Weekly Menu June 5 - June 10th


No, your eyes are not deceiving you. After months and months of not posting a Weekly Menu, I've finally decided to share one with you.

Ironically, it's barely even a menu this week. Nevertheless, here I am. Let's explain that first though.

Towards the end of April, one of my friends began attending Barre exercises classes. If you're not familiar with the concept, its classes held in a studio with a ballet barre. There are a decent amount of general ballet moves, but its mixed in with yoga, pilates, strength training and even cardio.

I started taking classes in May. Holy ballet slippers were they harder than I thought they were going to be. But I quickly (as in, after two classes) found that I absolutely love it. Why?

  • * My terribly uncoordinated self can get through a class without looking like an idiot. 
  • * It's an all women class but that catty, judgement you can sometimes find at gyms doesn't exist
  • * I can now lean forward and touch my toes, something I haven't been able to do since childhood
  • * In a month I've lost some inches and pounds 
  • * The Fitbit is very proud of me 
  • * It's just fun!

So when I got an email about an Evolution Class, I didn't hesitate to sign up. The Evolution classes are essentially like the Boot Camp of Barre. It's a more intimate group, two special classes a week that focus on weight loss and that come with a meal plan. You also get to take 2 classes of your choosing per week. 

I typically tend to scoff at exercise programs that give you a meal plan, because they usually barely top out at 1200 calories, involve attaching your kitchen scale to your waist and cut out anything that actually has flavor. You're usually relegated to a chicken breast seasoned only with salt and pepper, a quarter cup of plain white rice and a massive pile of flavorless steamed vegetables as dinner for 7 nights a week for the next 30-ish days. LOL, no. 

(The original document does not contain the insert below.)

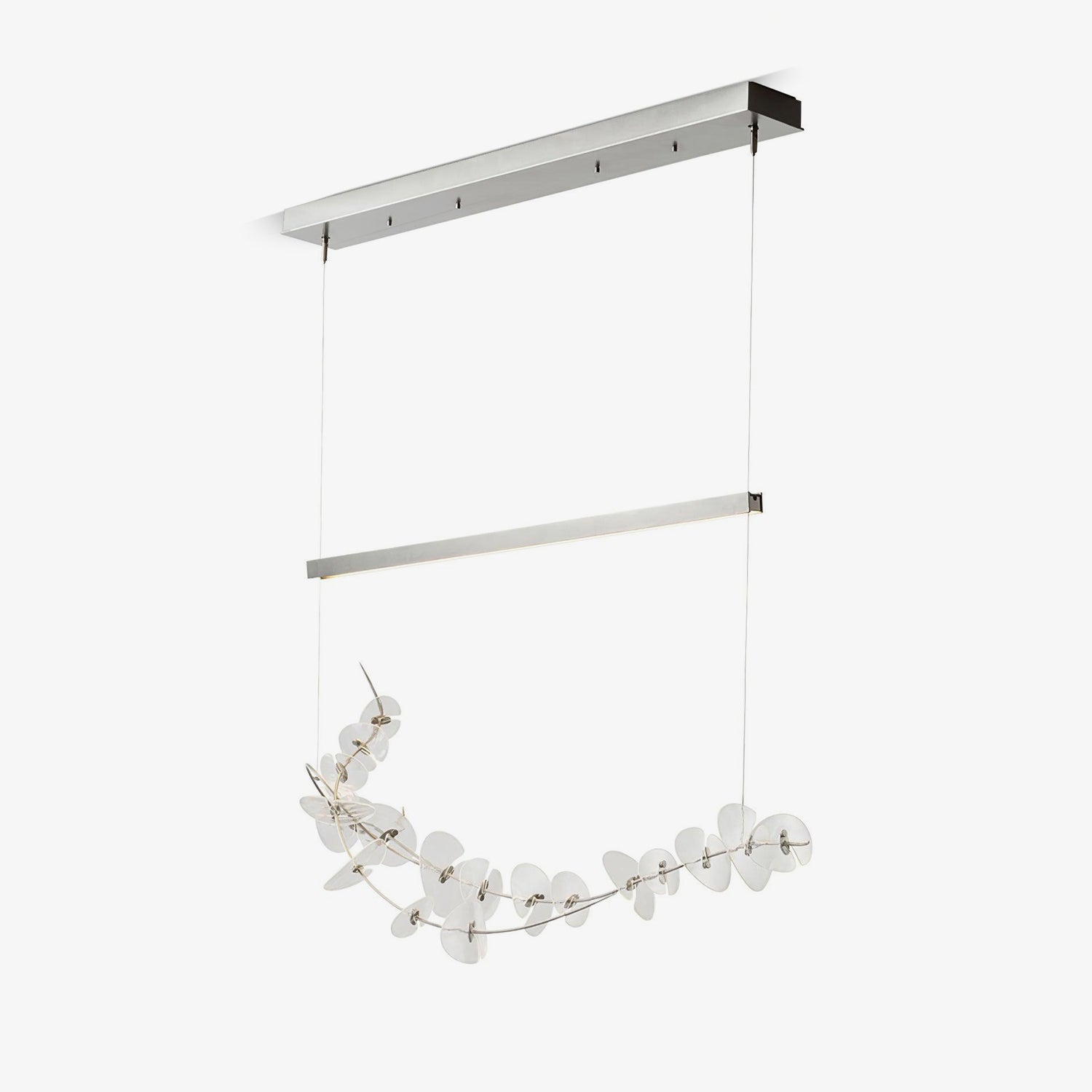 Josiah Modern Pendant Light - Letslighting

This meal plan is different. It has flavor! So, I'm in. 

Now, with taking class three nights a week, it means that cooking dinner isn't as easy. Luckily for me this week, Tom is away for work two nights so it's okay for me to be repetitive and make things he typically wouldn't eat. I also tend to eat the same thing for breakfast and lunch throughout the week and I'm actually trying to shake that up this week. ...Okay, fine, just for breakfast, but it's a start, yeah?

I have class Monday, Wednesday and Thursday night so I've chosen easier make-ahead recipes for those days. 

Sunday: honey ginger pork tacos with pineapple salsa 

Monday: strawberry chicken salad with a hard boiled egg

Tuesday: bun-less Mexican seasoned turkey burgers with sweet potato fries and sauteed bell peppers

Wednesday: strawberry chicken salad with a hard boiled egg

Thursday: bun-less Mexican seasoned turkey burgers with sweet potato fries and sauteed bell peppers

Friday: deli turkey, baked sweet potato, salad and fruit 

On Monday and Thursday Tom is having a crock pot meal of honey bourbon meatballs with mashed potatoes and gravy. Friday I'll pick up something at the grocery store he can easily prepare for dinner that night. 

Breakfast for Monday, Wednesday and Thursday will be two omelet muffins. Breakfast Tuesday and Friday will be a smoothie. My lunch for the week will be a tuna salad over arugula with cherry tomatoes and cucumbers. 

Snacks will include string cheese, hard boiled eggs, apples and peanut butter, Greek yogurt and baby carrots. 

I need to do a post soon about counting macros, but all of these recipes will still get as close as possible to my 1419 calories for the day, while meeting 116 grams of protein, 114 of carbs and 51 fo fat. I'm guessing I'll need to toss in a few protein bars or additional smoothies as needed.